But the extent of differentiation of political activities, organization, and goals was, in these political systems, still limited by several important factors. First, the legitimation of the rulers was, in these regimes, usually couched in basically traditional-religious terms, even if the rulers tended to stress their own ultimate monopoly of such traditional values and tried to deny that other (traditional) groups could also share in this monopoly. Second, the basic political role of the subject was not fully distinguished from other basic societal roles, such as, for instance, membership in local communities; it was often embedded in such groups, and the citizen or subject did not exercise any direct political rights through a system of voting or franchise. Third, many traditional ascriptive units, such as aristocratic lineages or territorial communities, still performed many crucial political functions and continued to serve as units of political representation. As a consequence, the scope of political activity and participation was far narrower than in most modern and contemporary political systems.

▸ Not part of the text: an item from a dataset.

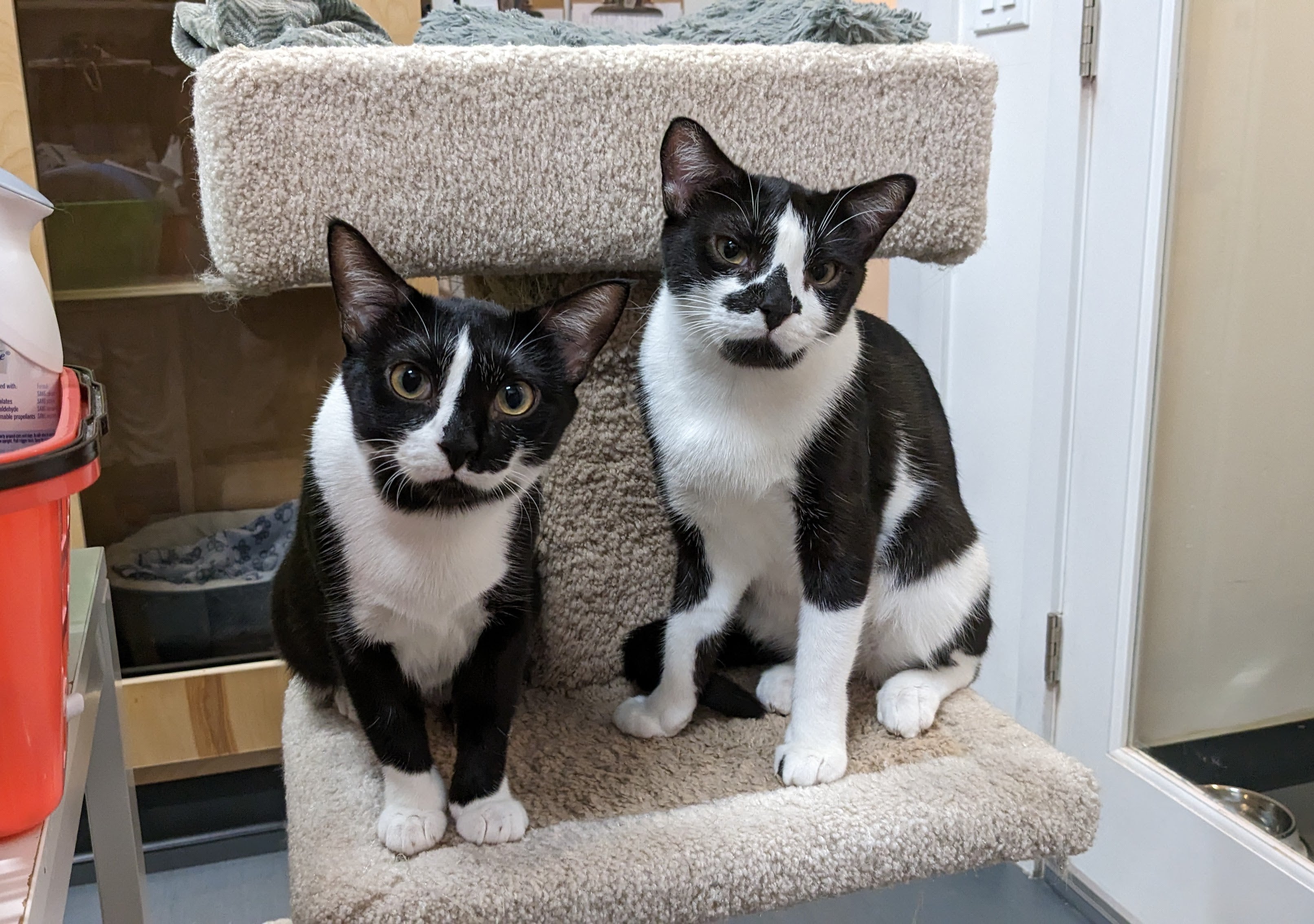 Inky & Foxy | ADOPTED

The existence of both traditional and differentiated political orientations, activities, and organizations created within these empires a complex interrelation between the political institutions and other parts of the social structure. The rulers were in need of both traditional and more complex, differentiated political support and were dependent on both. The rulers’ traditional dependence on other parts of the social structure was manifest in their need to uphold their traditional legitimation and the traditional, unconditional political attitudes and identifications of many groups. On the other hand, however, the rulers’ tendency to political independence and autonomy made them dependent on types of resources that were not available through various traditional ascriptive commitments and relations. In order to implement their various political goals as they pleased, the rulers were in need of more flexible support and resources, which would not be embedded in traditional ascriptive groups or committed for more or less fixed goals (Eisenstadt 1963, chapter 6; Altheim 1955).

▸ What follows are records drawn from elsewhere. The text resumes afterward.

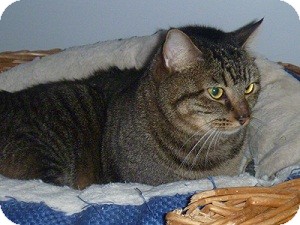 Domestic Shorthair Cat for Sale in Hamburg, New York - Henry the Eighth Domestic Shorthair Cat for Sale in Hamburg, New York - Henry the Eighth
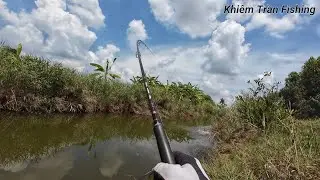 Câu cá lóc Tân Phú Đông Tập #99 Ngày may mắn lên toàn cá bự  đóng đã tay/khiemtranfishing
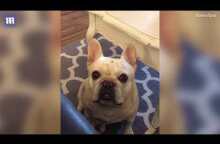 Angry French bulldog throws tantrum over Cheerios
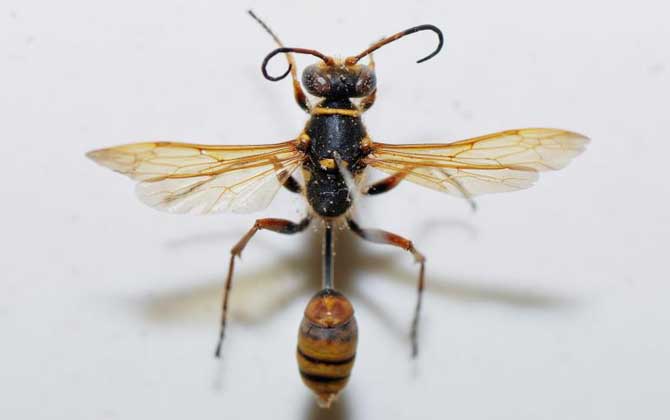 細腰蜂長什么樣子(腰很細的蜜蜂是什么蜂) 細腰蜂長什么樣子(腰很細的蜜蜂是什么蜂)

Among these flexible resources, the most important were economic and political ones. In the economic field, the rulers needed manpower and goods that could be available not through the fixed commitments of ascriptive kinship and status groups but that could be allocated directly. Among such economic resources, the most important were manpower (military and administrative) for services and for relatively free and flexible occupational choices and various goods and commodities for direct spending or for payment of services.
In principle, such resources could have been the same as those used within the various ascriptive groups and in their fixed interrelations. But the very emphasis on their flexibility entailed the possibility of their greater mobility and hence of their necessary translatability into media of exchange such as money, credits, and their equivalents. Once some such media of exchange were established, it was highly necessary to maintain markets and organizational frameworks within which they could flow continuously. Similarly, it was very important to maintain conditions and frameworks in which possibilities of relatively free occupational choices and avenues of mobility could be realized.
A similar situation developed in the field of political support and organization. The rulers were in need of commitments and loyalties that could be made available without the restrictions of such ascriptive groups, and this necessarily entailed the organization of new types of political organizations and leadership that could mobilize such support. Parallel needs could also be found in the cultural, social, and religious fields.
The political demands made on the rulers by the various groups in the society were of both the traditional and the more complex, differentiated types. On the one hand, the rulers were expected to uphold traditional ascriptive rights and benefits; on the other, they were faced with demands for participation in the formulation of the political balance of power—or even in the process of legitimating their own authority. Thus the authority of the rulers, “traditional” though it may have been, was no longer automatic; merely to raise the question of the rulers’ accountability was to deny them fixed support.
These different types of political activities and orientations did not coexist in these political systems in separate “compartments,” bound together only in some loose and unstable way. They were bound together within the same institutions, and the continuity of each type of political activity was dependent on the existence of both types of political orientation. Because of this, the activities of the rulers were, paradoxically, oriented to maintaining basic traditional legitimation through manipulation not only of traditional but also of non-traditional support and to the mobilization also of traditional resources for politically autonomous goals and through nontraditional channels.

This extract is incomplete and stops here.